[Date Prev][Date Next][Thread Prev][Thread Next][Date Index][Thread Index]

[HTCondor-users] Witnessing strange behaviour

Hi all,

I am a PhD student at the University of Liverpool whose research focuses on implementing numerical Bayesian techniques (specifically Particle Filters and SMC Samplers) at scale on distributed compute environments. These are iterative algorithms and are used to solve Bayesian inference problems. Some background into my work so far is given in the following two paragraphs.

My supervisors and I decided that the Universities HTCondor pool would be a suitable target to implement the algorithm on. To begin with, the algorithm worked by: (1) distributing work to machines in the pool, (2) waiting for all machines to finish, (3) process the outputs. This process repeated for a set number of epochs, and as you can imagine was extremely slow.
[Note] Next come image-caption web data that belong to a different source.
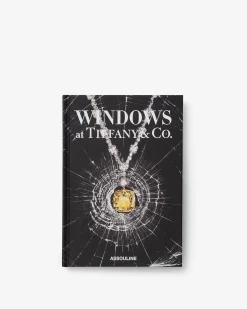 Windows at Tiffany & Co. (Icon Edition)^ASSOULINE Best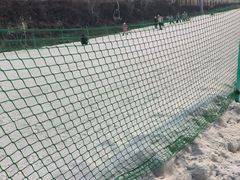 -蓟洲国际滑雪场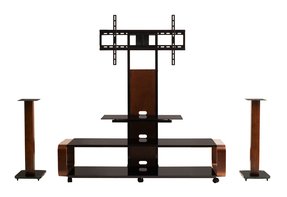 Tv Stand With Mount 65 Inch Ideas On Foter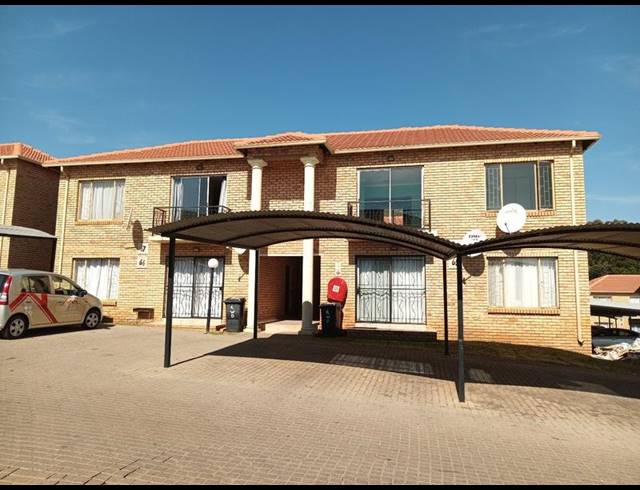 2 BEDROOM APARTMENT FOR SALE IN GREENHILLS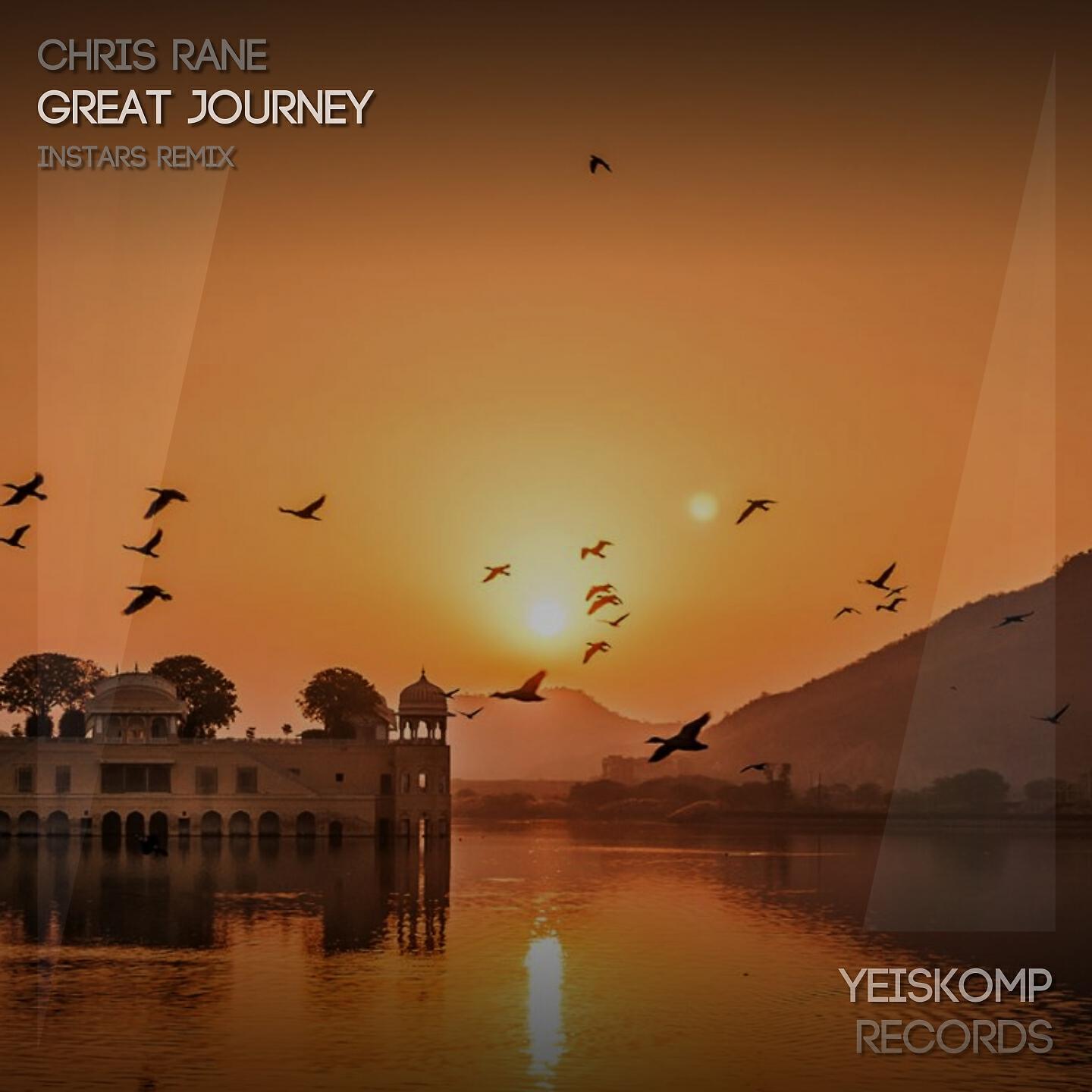 Релиз Great Journey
In the past month, my supervisors and I have made a number of changes to the structure of the mentioned algorithms to make them more suitable to run on a Condor pool. My algorithm is now divided into two sections whereby I have a 'driver' program which runs on the main Condor server and a 'worker' program which runs on machines in the pool. The workers now perform as many iterations as possible in a given amount of time (ie 30 mins) before sending their work back to the driver for less frequent global synchronisation. Similarly, the driver program runs for a (much longer) given amount of time (ie 24hrs).

Since modifying the algorithm to work this way, I've noticed the following:
  1. It can take a long time for jobs to start executing once they have been submitted (I've witnessed up to 2 hrs from seeing the "submitted" message to then seeing "executing" message)
  2. Jobs can get stuck in a loop where they repeatedly fail and migrate and eventually stop running

I should note that I witnessed this behaviour when submitting some dummy code that:
  1. Submits jobs to generate as many samples as possible in 5 minutes up to a max of 100 samples
  2. Processes the outputs from these jobs and split these into N subsets
  3. Submit jobs to workers that read in a subset, waits for 5 minutes, then returns the subset of samples

I'm not sure why I'm witnessing the behaviour described above, and wondered if anyone could provide insight into why this might be happening. Ian Smith (cc'ed) manages the Universities Condor pool and can provide some more technical background.

Any help is much appreciated.

Many thanks,